- [GOAL OF THE EXERCISE]
Please repeat exactly the lines from the one containing "7562 St Thomas" through the last line of the records below, both included, and leave out any pictures.

- [MATERIAL PROVIDED]
= = =

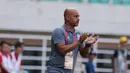 Pelatih Becamex Binh Duong, Nguyen Thanh Son, saat melawan PSM Makassar pada laga semifinal Zona ASEAN Piala AFC 2019 di Stadion Pakansari, Rabu (26/6). PSM menang 2-1 atas Becamex Binh Duong. (Bola.com/M Iqbal Ichsan)
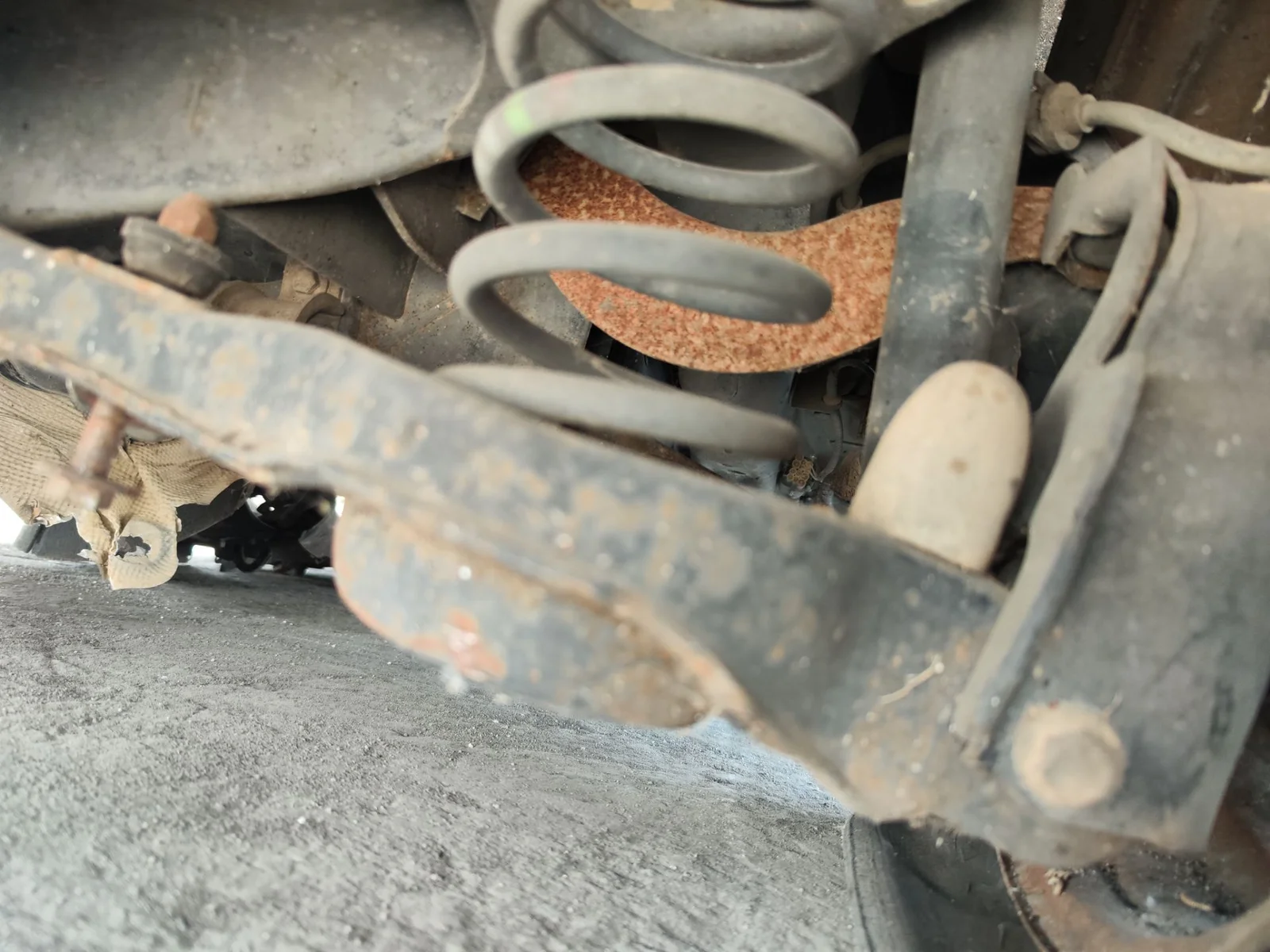 Foto de BARRA ESTABILIZADORA TRASERA FORD FOCUS BERLINA (CAP) 1.6 TDCi CAT (90 CV / 66 KW) referencia 1345916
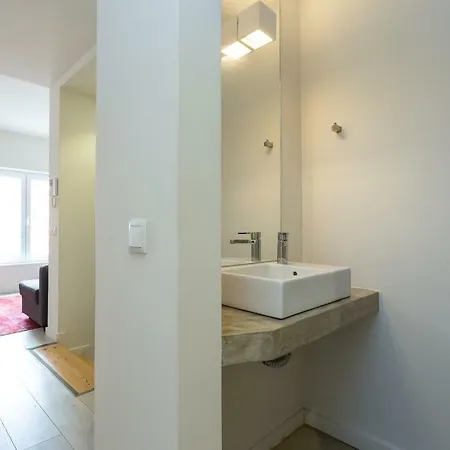 דירה 28 Tram Duplex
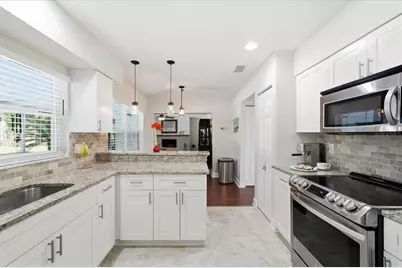 4639 Glenside Circle, Tampa, FL 33624 - Photo 14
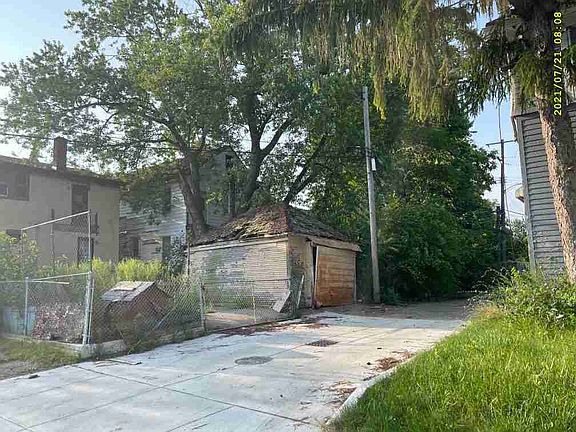 7562 St Thomas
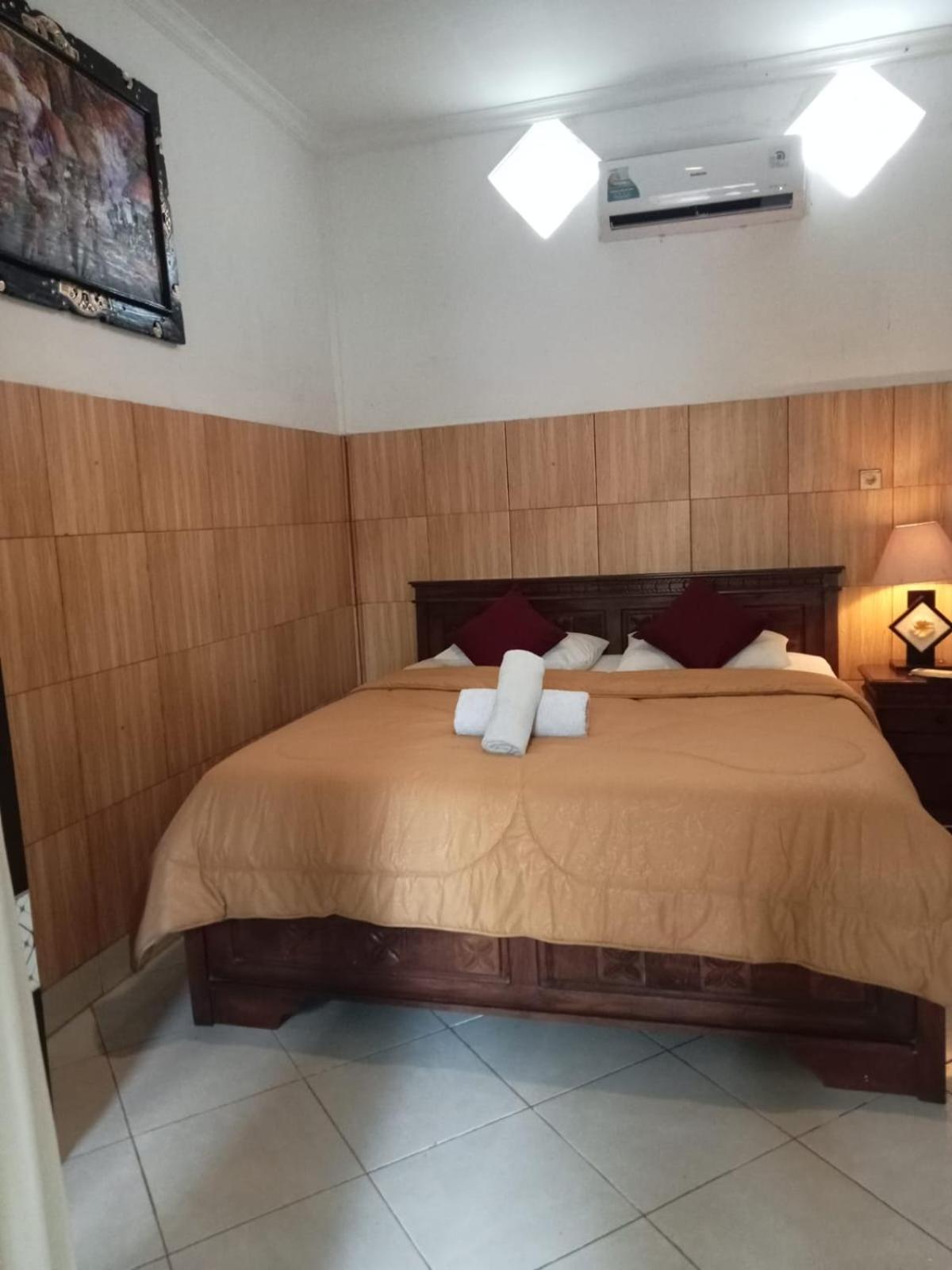 Nitya Home Stay Lembongan エクステリア 写真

= = =

- [TASK SOLUTION]
 7562 St Thomas
 Nitya Home Stay Lembongan エクステリア 写真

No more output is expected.